Though, to the AF's credit, his training allowed him to get a decent-paying job that (though, slowly) improved our circumstances.

I was too young while on base to realize how bad the situation was. My heart breaks for that boy and his family.

@VirginiaMurr
Again, we could solve this problem overnight with a tiny fraction of a percent of the Pentagon budget. That this hasn't happened is a condemnation of us all.

Every general in the Pentagon, every representative in the House, and every senator in the Senate should be made to feel shame until this is fixed.

@tofugolem

According to a career military person I once knew, this started with Ray-Gun. You can always count on the GQP to make things worse for everyone, everywhere, all at once.

@NoctisEqui
As much as I would love to blame Reagan for this, the event I described happened in the 1970s.

As awful as Reagan was, America was awful to enlisted servicemen and women before Reagan.

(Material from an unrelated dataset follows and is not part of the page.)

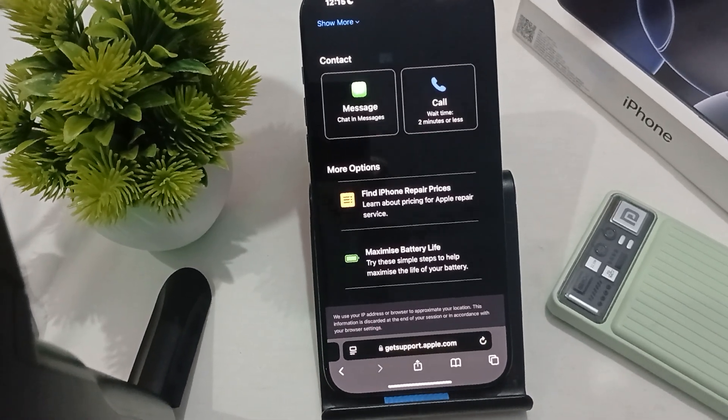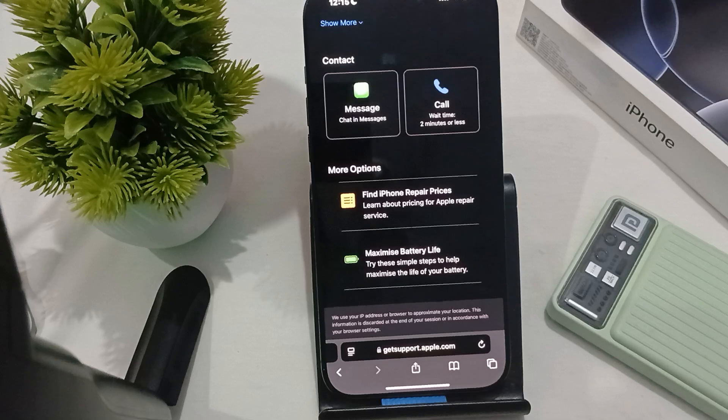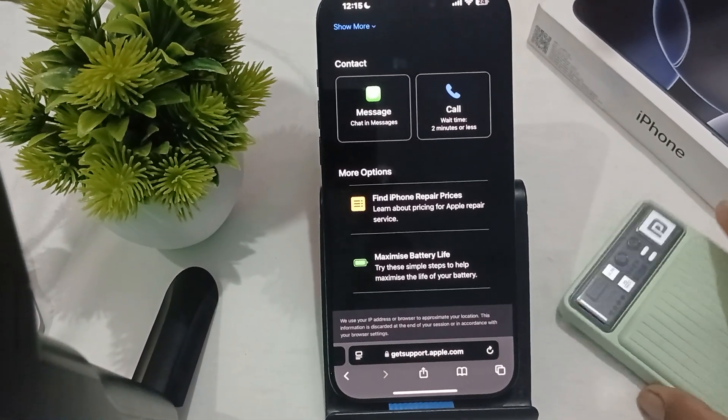Hi guys, welcome back to our YouTube channel. In this video we will see iPhone 16 Pro and Pro Max not charging with the power bank.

@tofugolem suicide is not good. at music school where my voice teacher (male) attacked me I wanted to suicide. My dad killed himself when all the rubber plants closed 1982 (Akron - rubber capital of the world.

@tofugolem
Same thing happened at Ft. Ord, CA in the early '80s.

@Nazani
The incident I referred to happened in the 1970s.

This kind of thing should happen a maximum of one time. After that, people should make damn sure it never happens again.

@tofugolem I agree. In theory, family services on bases should continually reach out to families, especially when the enlisted member is deployed for more than a week, but I doubt the admin staff needed to do that exists.

@Nazani
Given the size of our military budget, NO military family should ever qualify for food stamps We could end this problem tomorrow with a tiny fraction of the military budget, and yet we choose not to.

@tofugolem @Nazani and the same for everyone else, raising the minimum wage would increase employment, grow the economy, and reduce suffering. But we don't.

@tofugolem

There is indeed a peculiar asymmetry here.

We're talking about people putting their lives on the line so elites can continue their often violent contest over which of them will control which territories and the people and resources therein.

In my book, those elites owe members of the military *everything*.